2
votes

I'm currently using a 10% sample of a very large dataset (10 vars, over 300m rows) which amounts to over 200 GB of data when stored in .dta format for the full dataset. Stata is able to handle operations like egen, collapse, merging, etc in a reasonable amount of time for the 10% sample when using Stata-MP on a UNIX server with ~50G of RAM and multiple cores.

However, now I want to move on to analyzing the whole sample. Even if I use a machine that has enough RAM to hold the dataset, simply generating a variable takes ages. (I think perhaps the background operations are causing Stata to run into virtual mem)

The problem is also very amenable to parallelization, i.e., the rows in the dataset are independent of each other, so I can just as easily think about the one large dataset as 100 smaller datasets.

Does anybody have any suggestions for how to process/analyze this data or can give me feedback on some suggestions I currently have? I mostly use Stata/SAS/MATLAB so perhaps there are other approaches that I am simply unaware of.

Here are some of my current ideas:

  1. Split the dataset up into smaller datasets and utilize informal parallel processing in Stata. I can run my cleaning/processing/analysis on each partition and then merge the results after without having the store all the intermediate parts.

  2. Use SQL to store the data and also perform some of the data manipulation such as aggregating over certain values. One concern here is that some tasks that Stata can handle fairly easily such as comparing values across time won't work so well in SQL. Also, I'm already running into performance issues when running some queries in SQL on a 30% sample of the data. But perhaps I'm not optimizing by indexing correctly, etc. Also, Shard-Query seems like it could help with this but I have not researched it too thoroughly yet.
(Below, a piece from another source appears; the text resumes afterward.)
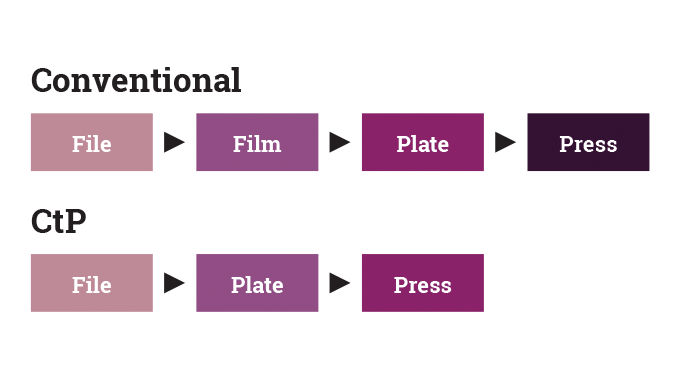 Figure 5.15 - Plate imaging - convertional versus CtP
  3. R also looks promising, but I'm not sure if it would solve the problem of working with this enormous amount of data.

2
JSS has a timely article covering such issues from R's perspective. Might be of some help, however the size of the data they are using in examples is 12GB I think.radek

2 Answers

2
votes

Thanks to those who have commented and replied. I realized that my problem is similar to this thread. I have re-written some of my data manipulation code in Stata into SQL and the response time is much quicker. I believe I can make large optimization gains by correctly utilizing indexes and using parallel processing via partitions/shards if necessary. After all the data manipulation has been done, I can import that data via ODBC in Stata.

1
votes

Since you are familiar with Stata there is a well documented FAQ about large data sets in Stata Dealing with Large Datasets: you might find this helpful.

I would clean via columns, splitting those up, running any specific cleaning routines and merge back in later.

Depending on your machine resources, you should be able to hold the individual columns in multiple temporary files using tempfile. Taking care to select only the variables or columns most relevant to your analysis should reduce the size of your set quite a lot.